#### Task directions:
Word for word and without images, transcribe all of the records.

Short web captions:
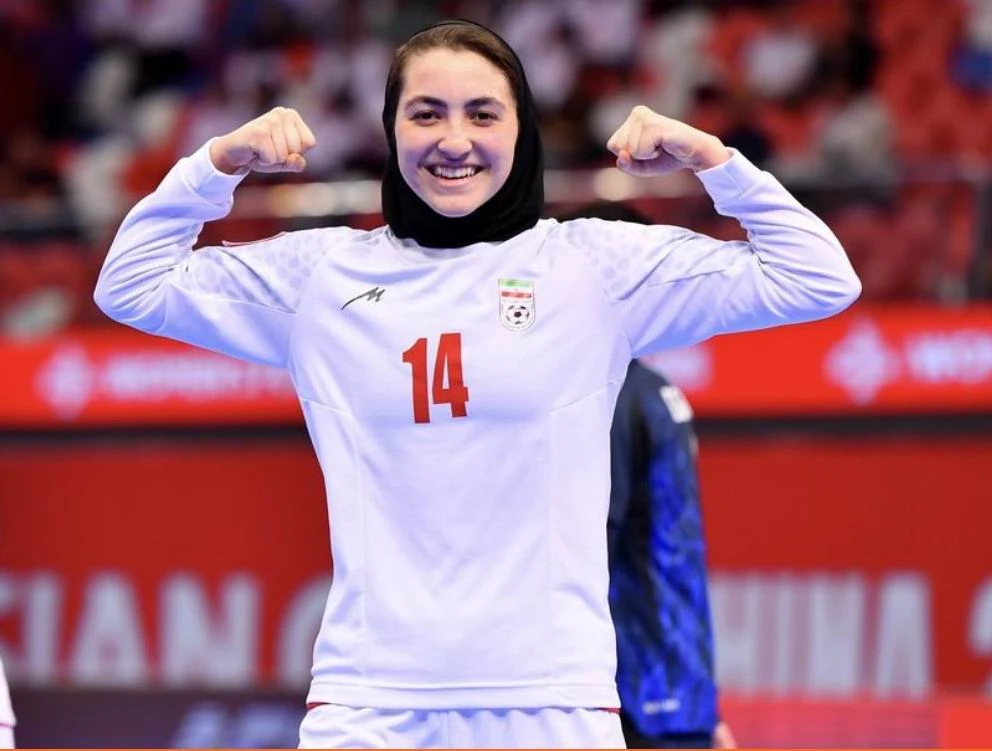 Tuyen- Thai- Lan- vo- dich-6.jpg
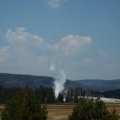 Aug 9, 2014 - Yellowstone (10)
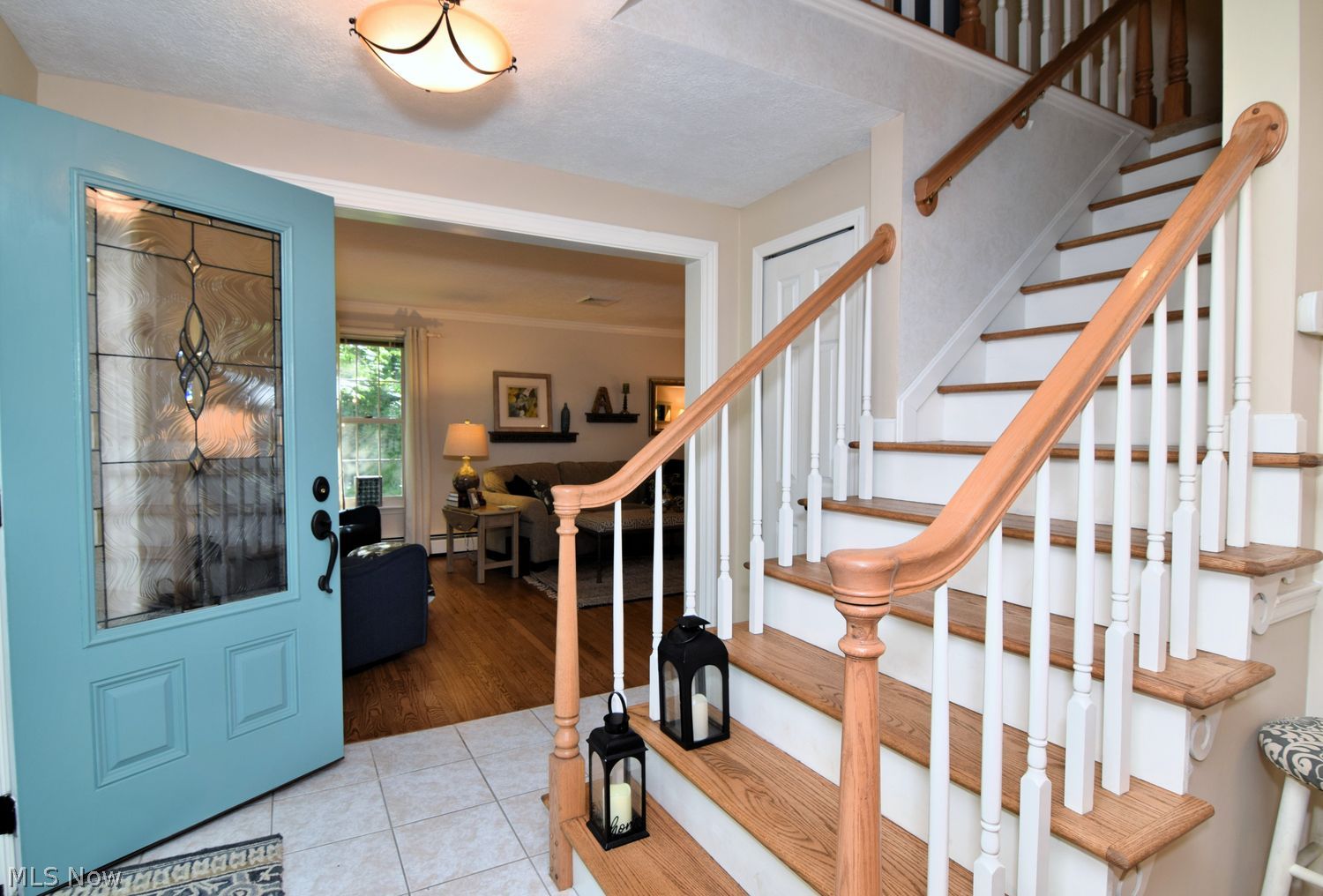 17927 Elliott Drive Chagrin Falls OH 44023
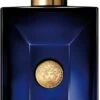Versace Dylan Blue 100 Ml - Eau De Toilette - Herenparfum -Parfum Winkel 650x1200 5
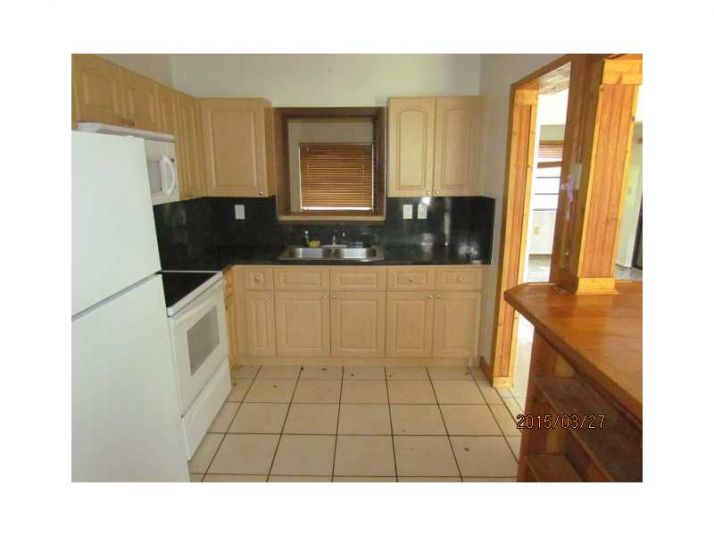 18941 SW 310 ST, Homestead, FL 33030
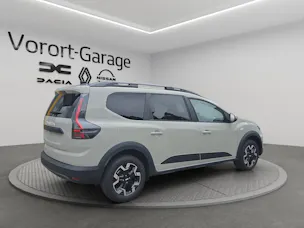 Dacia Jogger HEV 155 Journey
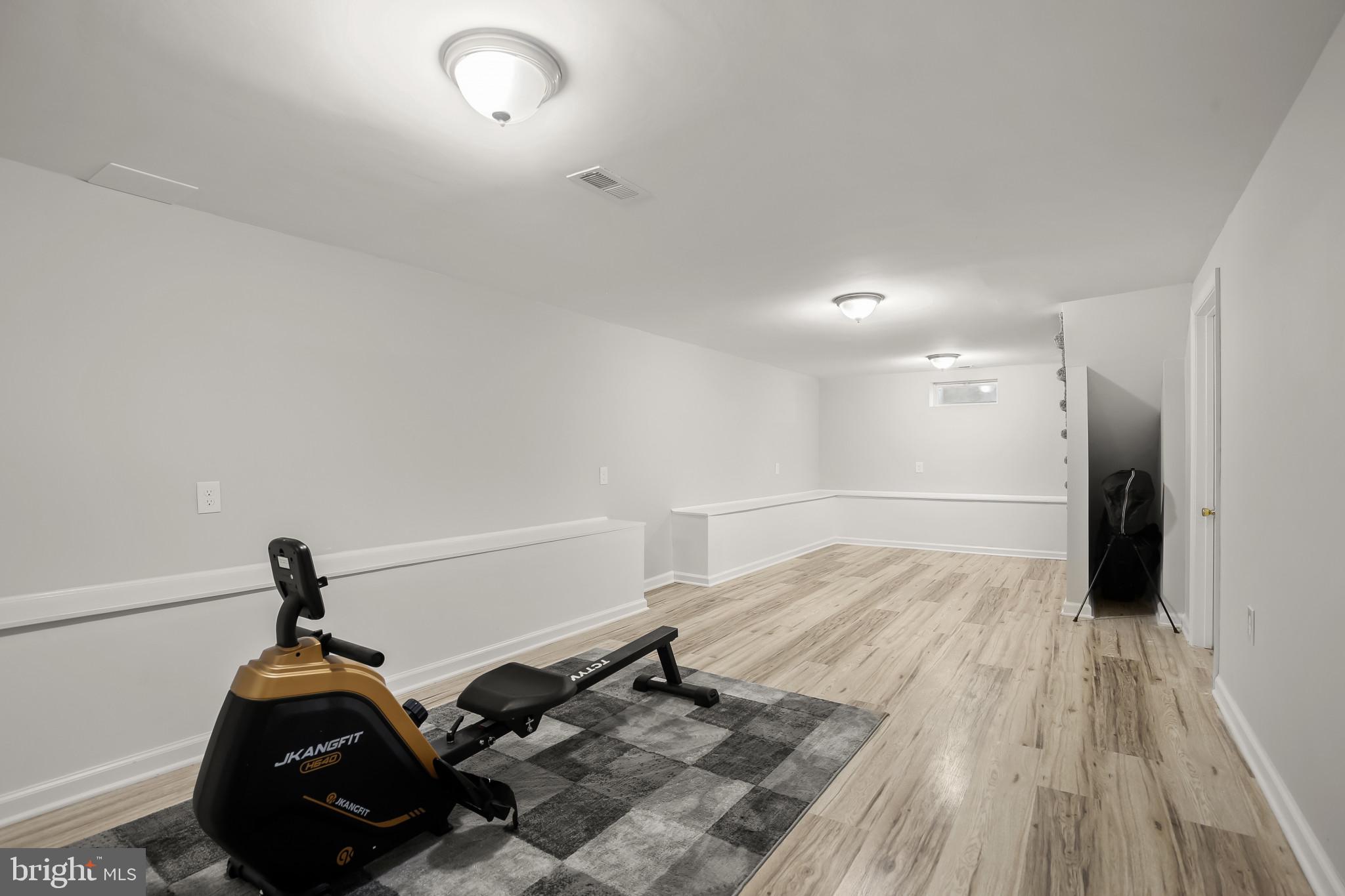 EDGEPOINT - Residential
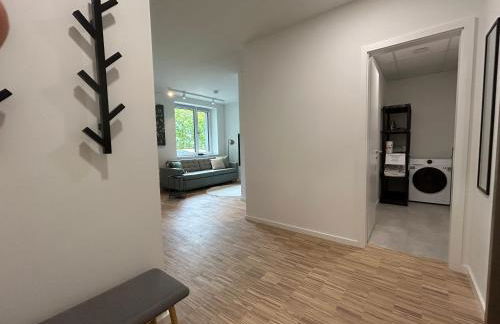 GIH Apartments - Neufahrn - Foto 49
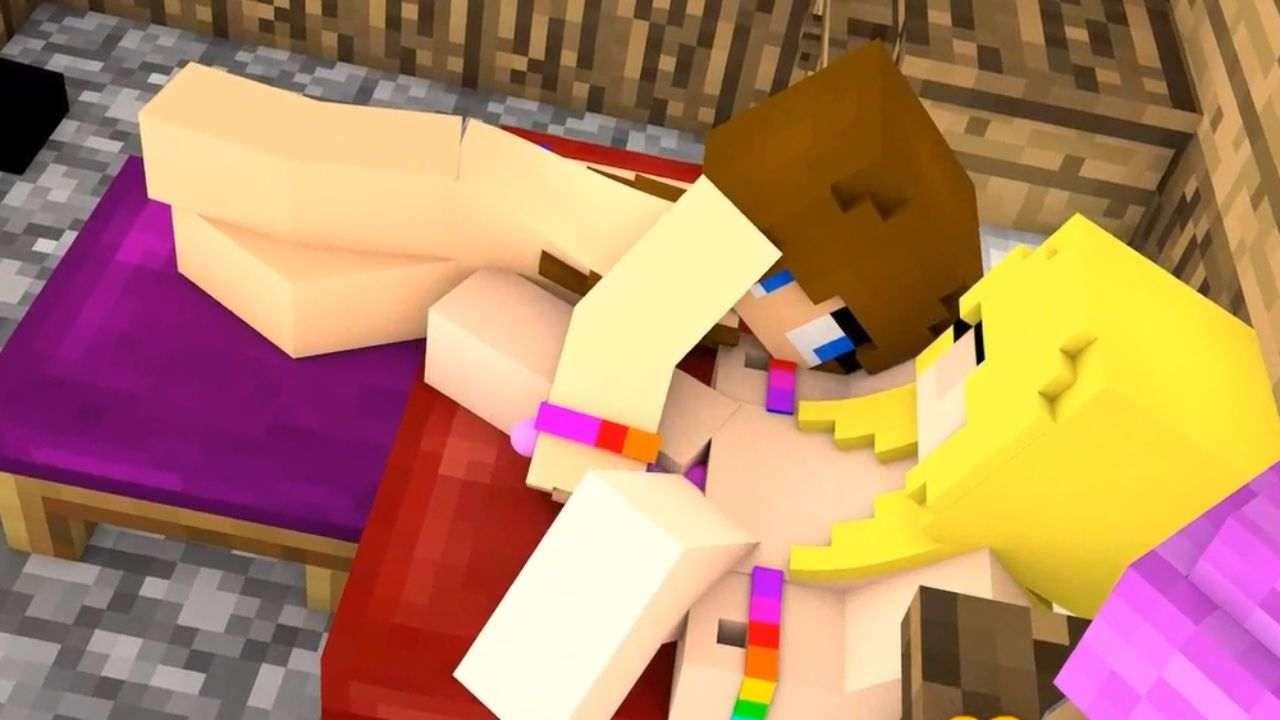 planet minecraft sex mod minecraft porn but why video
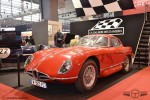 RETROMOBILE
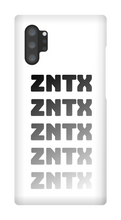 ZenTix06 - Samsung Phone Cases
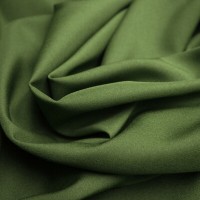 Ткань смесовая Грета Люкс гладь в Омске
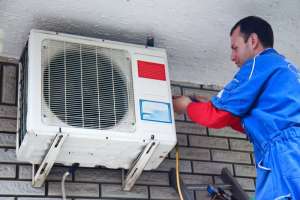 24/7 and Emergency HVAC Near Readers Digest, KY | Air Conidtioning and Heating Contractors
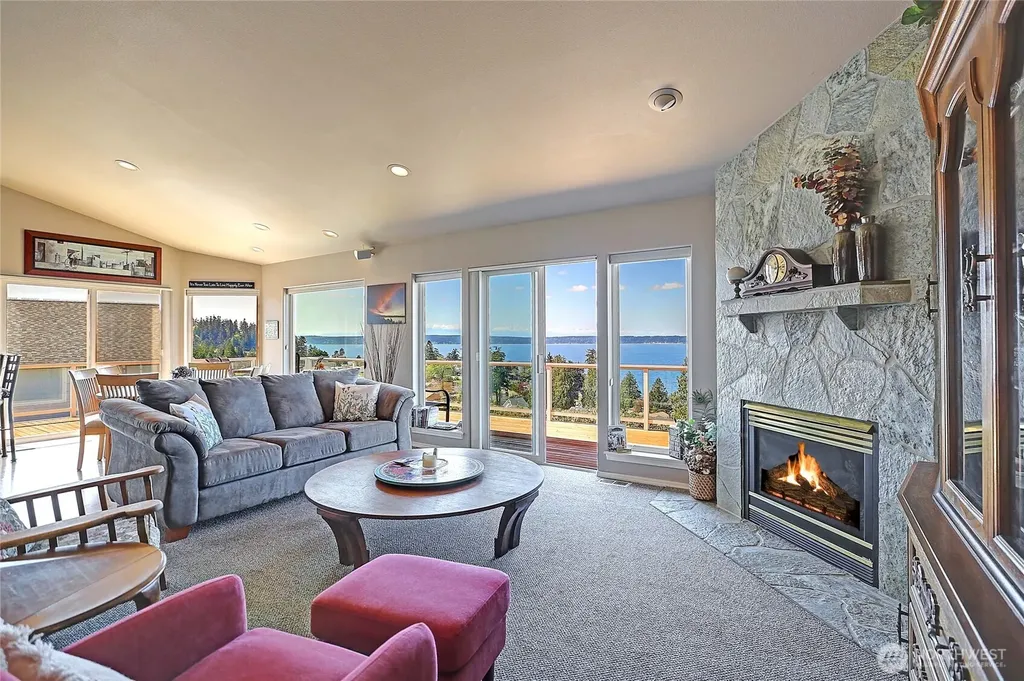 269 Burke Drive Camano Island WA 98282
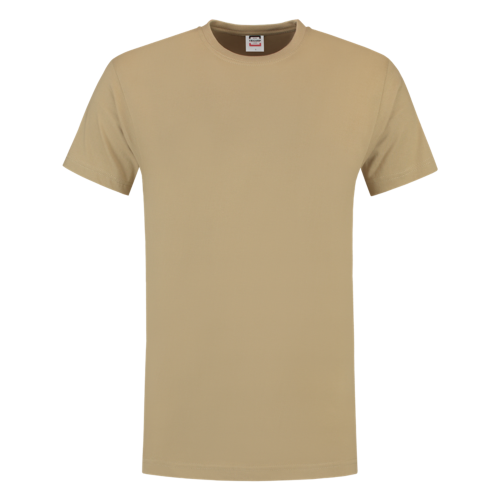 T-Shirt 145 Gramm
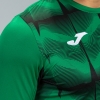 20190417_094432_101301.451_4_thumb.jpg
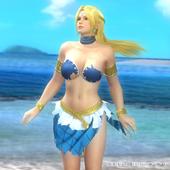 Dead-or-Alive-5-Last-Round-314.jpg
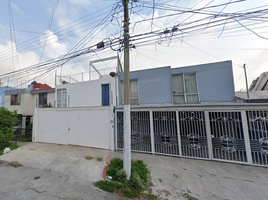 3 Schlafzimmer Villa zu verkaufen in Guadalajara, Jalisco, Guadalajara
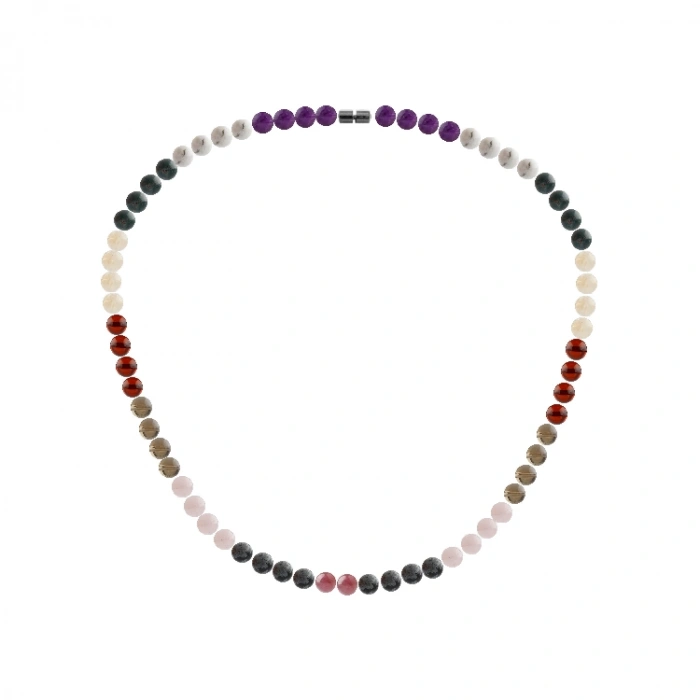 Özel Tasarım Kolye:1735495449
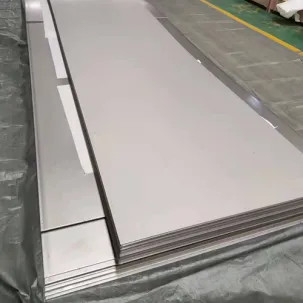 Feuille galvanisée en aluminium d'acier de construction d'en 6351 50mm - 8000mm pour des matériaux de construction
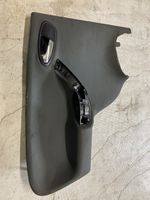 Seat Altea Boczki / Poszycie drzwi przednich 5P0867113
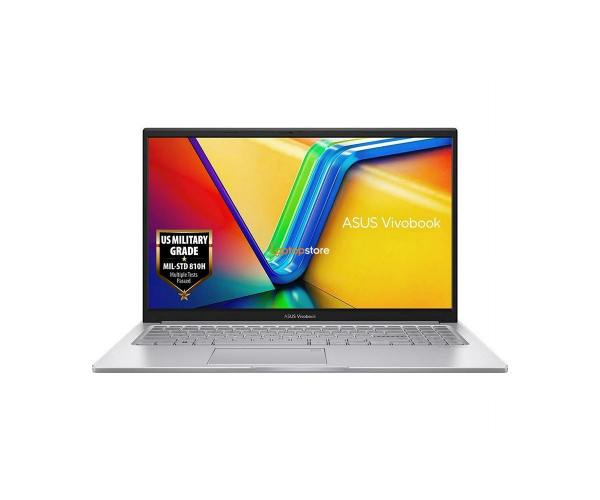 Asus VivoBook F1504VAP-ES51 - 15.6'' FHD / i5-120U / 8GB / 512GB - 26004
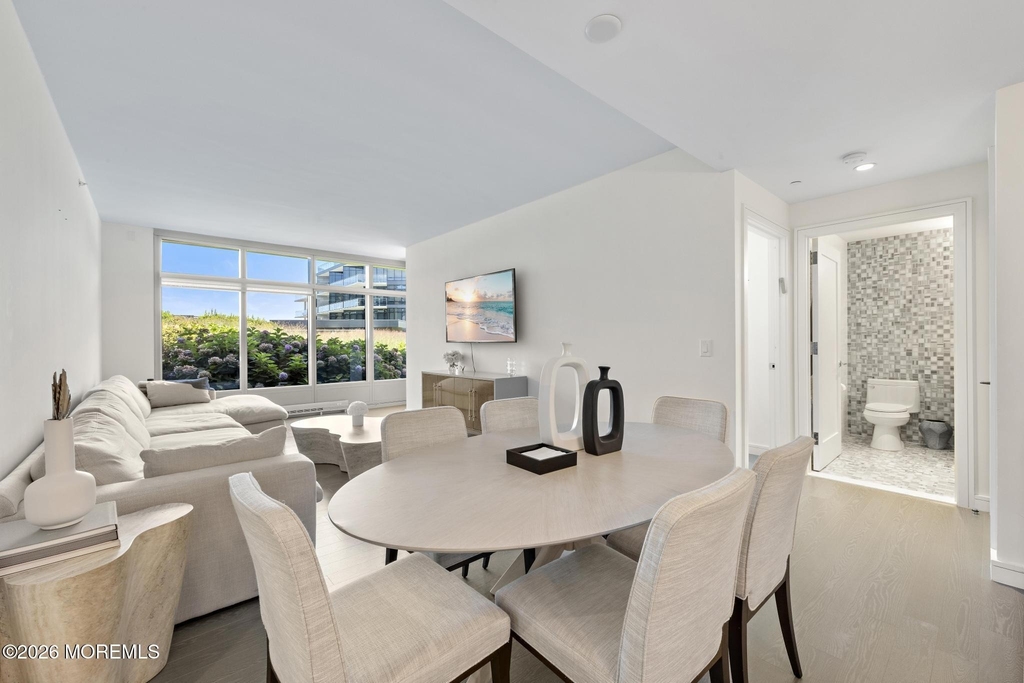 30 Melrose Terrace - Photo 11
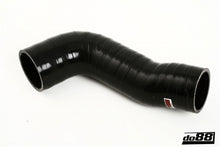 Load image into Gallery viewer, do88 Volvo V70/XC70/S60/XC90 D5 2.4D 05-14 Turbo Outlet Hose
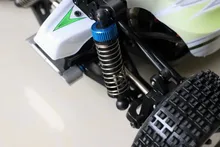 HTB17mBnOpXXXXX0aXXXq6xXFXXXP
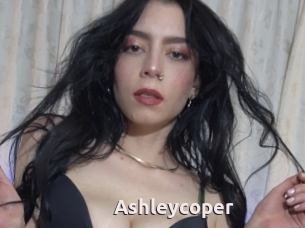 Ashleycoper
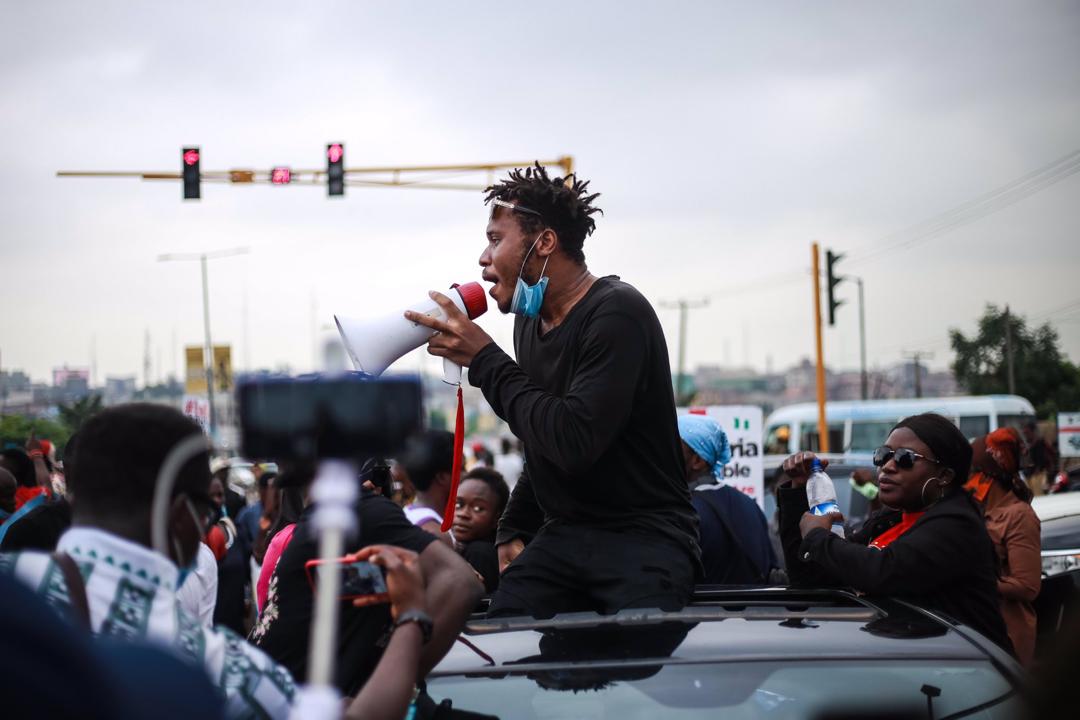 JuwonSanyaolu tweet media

#### Exercise result:
 Tuyen- Thai- Lan- vo- dich-6.jpg
 Aug 9, 2014 - Yellowstone (10)
 17927 Elliott Drive Chagrin Falls OH 44023
Versace Dylan Blue 100 Ml - Eau De Toilette - Herenparfum -Parfum Winkel 650x1200 5
 18941 SW 310 ST, Homestead, FL 33030
 Dacia Jogger HEV 155 Journey
 EDGEPOINT - Residential
 GIH Apartments - Neufahrn - Foto 49
 planet minecraft sex mod minecraft porn but why video
 RETROMOBILE
 ZenTix06 - Samsung Phone Cases
 Ткань смесовая Грета Люкс гладь в Омске
 24/7 and Emergency HVAC Near Readers Digest, KY | Air Conidtioning and Heating Contractors
 269 Burke Drive Camano Island WA 98282
 T-Shirt 145 Gramm
 20190417_094432_101301.451_4_thumb.jpg
 Dead-or-Alive-5-Last-Round-314.jpg
 3 Schlafzimmer Villa zu verkaufen in Guadalajara, Jalisco, Guadalajara
 Özel Tasarım Kolye:1735495449
 Feuille galvanisée en aluminium d'acier de construction d'en 6351 50mm - 8000mm pour des matériaux de construction
 Seat Altea Boczki / Poszycie drzwi przednich 5P0867113
 Asus VivoBook F1504VAP-ES51 - 15.6'' FHD / i5-120U / 8GB / 512GB - 26004
 30 Melrose Terrace - Photo 11
 Load image into Gallery viewer, do88 Volvo V70/XC70/S60/XC90 D5 2.4D 05-14 Turbo Outlet Hose
 HTB17mBnOpXXXXX0aXXXq6xXFXXXP
 Ashleycoper
 JuwonSanyaolu tweet media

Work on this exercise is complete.